Re: ElecHead Zaps Mega Man-Inspired Puzzle Platforming Onto Switch This Summer
The best from the showcase. Just from the trailer alone the mechanics seem polished and fun. And the retro art style may be cliché at this point, but when it fits the material, it fits. And it certainly fits here. Really excited to try it out.
Re: Zelda: Ocarina Of Time Is Finally Part Of The Video Game Hall Of Fame
@BTB20
Sort of. I was just poking fun at the obsession with "datedness" in videogame criticism. To me, "datedness" is a neutral term. All games are products of their time. If you think about it, there's a lot about Breath of the Wild that is pure 2010s, whether it's the open-world-with-towers concept, the prevalence of repeated enemies and samey-looking ruins to pad out the landscape, the simplistic sidequest design, and the somewhat uninspiring main quest narrative. These are all common issues in modern open-worlders, even the best ones. We may not call Breath of the Wild "dated" just yet because it's still relatively close to the date we're living in, but we will in 2030. And you could say the same thing about Ocarina of Time being very much a late 1990s 3D game. But where does that leave us? Are you really doing justice to Breath of the Wild's immersive, sweeping overworld exploration, ambience, and physics system? Or Ocarina of Time's incredibly consistent succession of memorable dungeons and vibes?
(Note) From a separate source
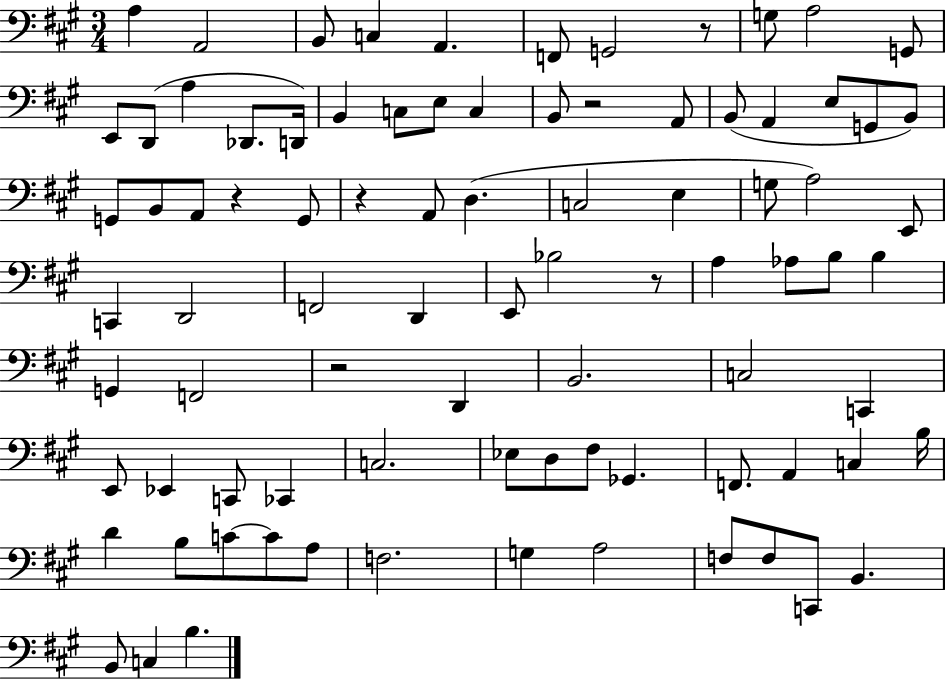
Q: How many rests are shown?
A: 6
I think understanding a game's context and date of release is important, sure, but ultimately the art, the heart of the game, the experience it gives you, that's where it's at, that's what matters.
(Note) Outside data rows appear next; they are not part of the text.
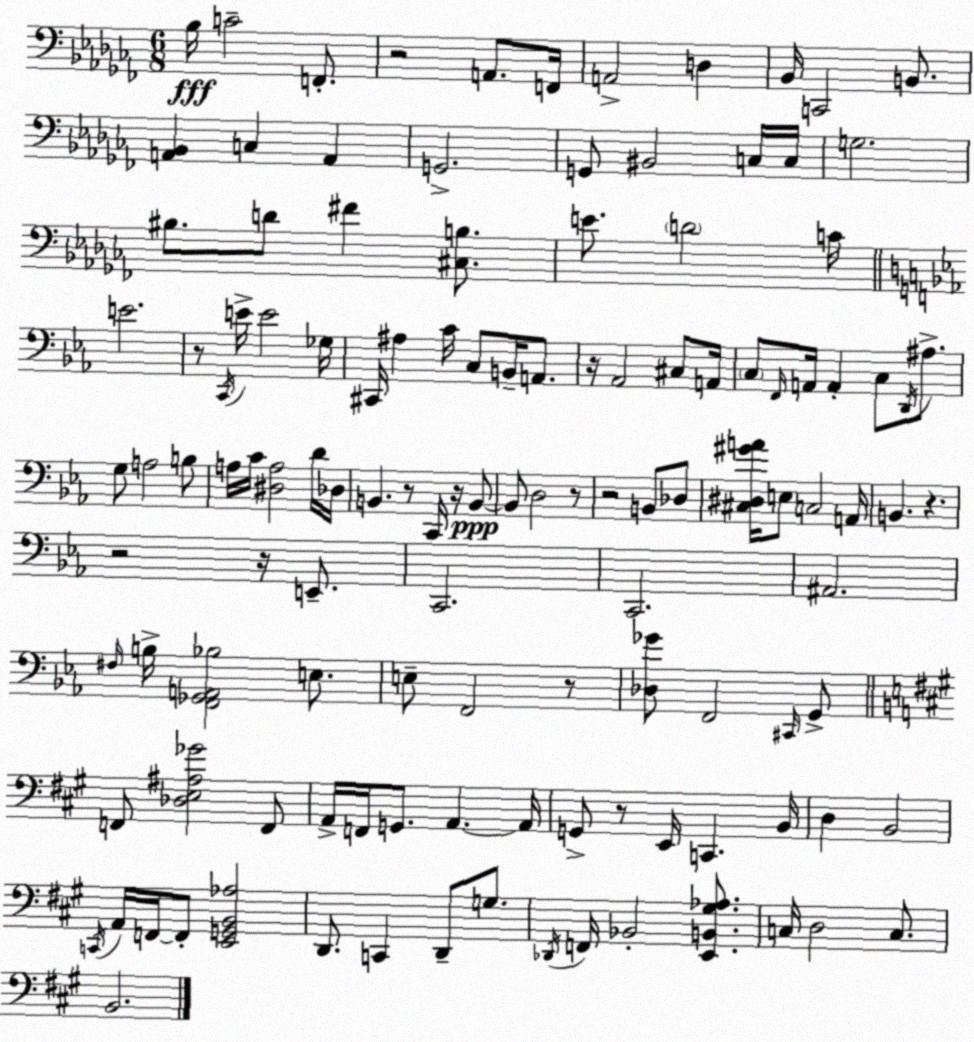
X:1
T:Untitled
M:6/8
L:1/4
K:Abm
_B,/4 C2 F,,/2 z2 A,,/2 F,,/4 A,,2 D, _B,,/4 C,,2 B,,/2 [A,,_B,,] C, A,, G,,2 G,,/2 ^B,,2 C,/4 C,/4 G,2 ^B,/2 D/2 ^F [^C,B,]/2 E/2 D2 C/4 E2 z/2 C,,/4 E/4 E2 _G,/4 ^C,,/4 ^A, C/4 C,/2 B,,/4 A,,/2 z/4 _A,,2 ^C,/2 A,,/4 C,/2 F,,/4 A,,/4 A,, C,/2 D,,/4 ^A,/2 G,/2 A,2 B,/2 A,/4 C/4 [^D,A,]2 D/4 _D,/4 B,, z/2 C,,/4 z/4 B,,/2 B,,/2 D,2 z/2 z2 B,,/2 _D,/2 [^C,^D,^GA]/4 E,/2 C,2 A,,/4 B,, z z2 z/4 E,,/2 C,,2 C,,2 ^A,,2 ^F,/4 B,/4 [F,,_G,,A,,_B,]2 E,/2 E,/2 F,,2 z/2 [_D,_G]/2 F,,2 ^C,,/4 G,,/2 F,,/2 [_D,E,^A,_G]2 F,,/2 A,,/4 F,,/4 G,,/2 A,, A,,/4 G,,/2 z/2 E,,/4 C,, B,,/4 D, B,,2 C,,/4 A,,/4 F,,/4 F,,/2 [E,,G,,B,,_A,]2 D,,/2 C,, D,,/2 G,/2 _D,,/4 F,,/4 _B,,2 [E,,B,,^G,_A,]/2 C,/4 D,2 C,/2 B,,2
Re: Zelda: Ocarina Of Time Is Finally Part Of The Video Game Hall Of Fame
@Not_Soos
Um, they're not throwing shade. They're just pointing out that Ocarina of Time is, like, important. In a long-lasting kind of way. You know, like the millennia-spanning Bible. I'd have gone with something like "the Citizen Kane of videogames" myself, but I'm not Flint.
Re: Zelda: Ocarina Of Time Is Finally Part Of The Video Game Hall Of Fame
Ocarina of Time has aged better than Breath of the Wild.
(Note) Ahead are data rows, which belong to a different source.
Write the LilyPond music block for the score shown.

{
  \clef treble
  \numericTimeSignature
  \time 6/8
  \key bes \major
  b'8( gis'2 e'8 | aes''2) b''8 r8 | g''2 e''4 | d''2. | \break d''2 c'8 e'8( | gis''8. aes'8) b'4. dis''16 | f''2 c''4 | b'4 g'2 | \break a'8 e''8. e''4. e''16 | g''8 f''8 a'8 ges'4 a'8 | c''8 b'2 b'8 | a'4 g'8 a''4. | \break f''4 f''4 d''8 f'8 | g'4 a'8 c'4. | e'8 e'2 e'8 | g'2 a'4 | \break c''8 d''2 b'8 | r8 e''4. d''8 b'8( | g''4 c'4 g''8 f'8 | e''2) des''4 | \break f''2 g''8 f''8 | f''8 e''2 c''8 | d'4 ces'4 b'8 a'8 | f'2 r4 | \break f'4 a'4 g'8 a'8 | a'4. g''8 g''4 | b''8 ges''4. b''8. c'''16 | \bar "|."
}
Yeah, I know, clickbait title. But I'm tired of the "hasn't aged well" discourse. Played it last year, twice. Still rocks. Definitely plays like a late 90s game. Because it is.
Re: Random: WWE's Stone Cold Steve Austin Says Breath Of The Wild Is The Best Zelda Game
An acceptable choice. Frankly, it's hard to pick just one. All the mainline games bring something to the table. Breath of the Wild is tied with Ocarina for me, even though they're basically opposites. (What Ocarina does well is what Breath doesn't, and viceversa). I'd only place A Link to the Past and Majora's Mask above those.
Re: Altus Releases 'Accolades' Trailer For 13 Sentinels: Aegis Rim
I know I'm getting this. It's just a matter of when.
Re: Reggie Thought Game Boy Micro Was "A Nonstarter" But Was "Forced" To Launch It
@Lordplops
No, silos is right. It's extremely common business-speak for teams working in relative isolation and not communicating with each other.
Re: Rumour: Could Switch Get Zelda: Wind Waker And Twilight Princess This Year?
We've been burned by this prediction a million times already. I think there's a good chance, with no Zelda game coming out this year. I'm interested, at any rate: Twilight Princess is the only mainline non-portable Zelda (except Zelda 2) that I've yet to play all the way through. And as it's my favorite franchise, I'd like to complete it.
Re: Review: Layer Section & Galactic Attack S-Tribute - A Solid Switch Port For An Epic Space Shmup
This looks grand. I'll probably get it. Most of the shooters I love — whether that's Ikaruga or Star Fox 64 — go heavy on the cinematic flair, and if that's this game's strong point, then I'm in.
Re: Feature: Will These 10 Classic Western RPGs Ever Come To Switch?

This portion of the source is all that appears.